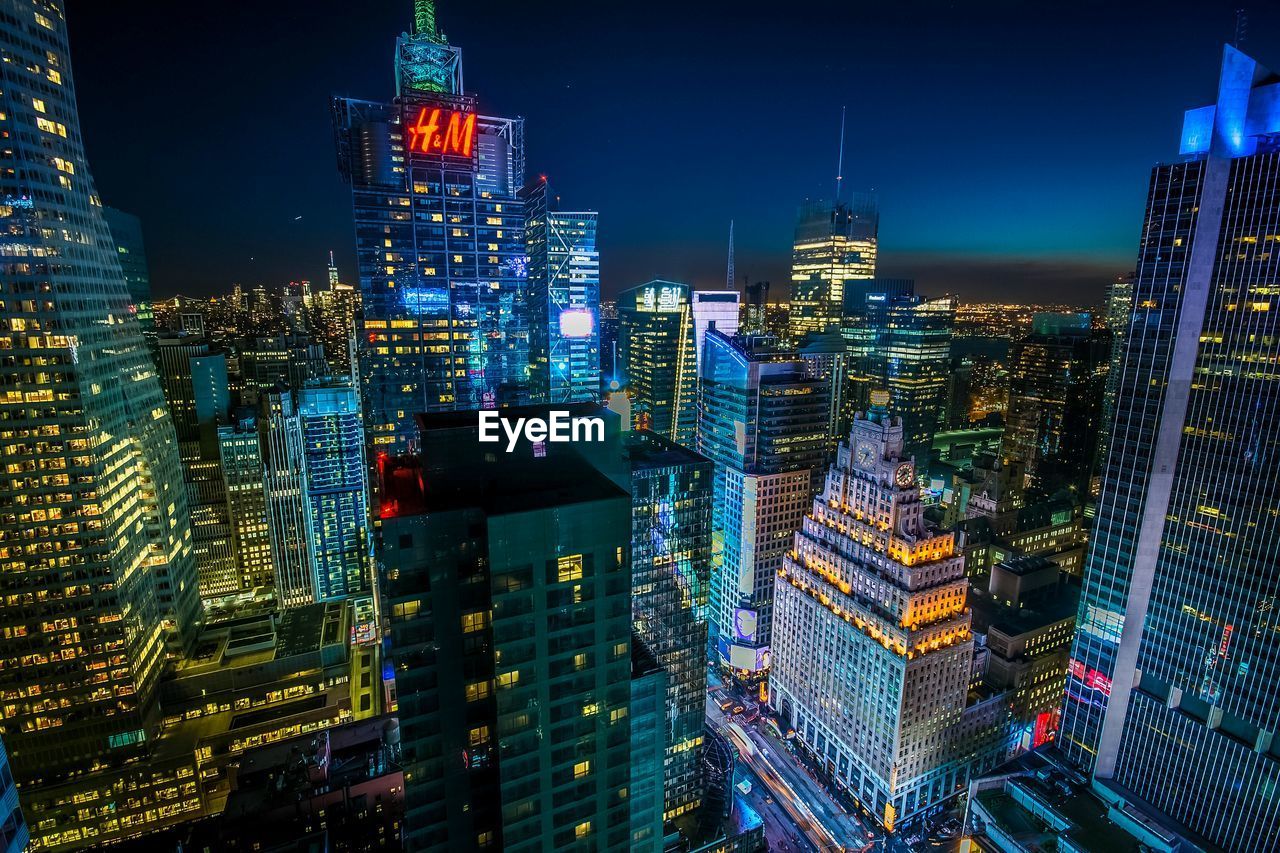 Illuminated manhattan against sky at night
---
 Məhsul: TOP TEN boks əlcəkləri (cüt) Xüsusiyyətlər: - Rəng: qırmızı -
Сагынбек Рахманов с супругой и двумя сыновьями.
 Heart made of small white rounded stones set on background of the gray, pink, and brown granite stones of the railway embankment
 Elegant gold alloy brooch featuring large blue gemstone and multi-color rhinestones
--
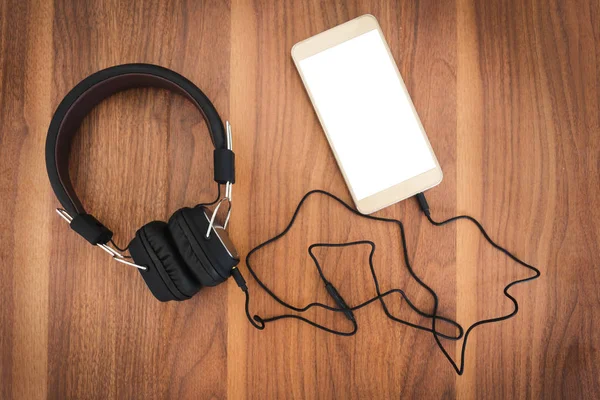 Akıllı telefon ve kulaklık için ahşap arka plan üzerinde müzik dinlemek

-- EXERCISE OBJECTIVE --
The lines above from the one with "Məhsul: TOP TEN" through the one with "Heart made of" are to be duplicated exactly, ends included, with nothing added.

-- TASK OUTPUT --
 Məhsul: TOP TEN boks əlcəkləri (cüt) Xüsusiyyətlər: - Rəng: qırmızı -
Сагынбек Рахманов с супругой и двумя сыновьями.
 Heart made of small white rounded stones set on background of the gray, pink, and brown granite stones of the railway embankment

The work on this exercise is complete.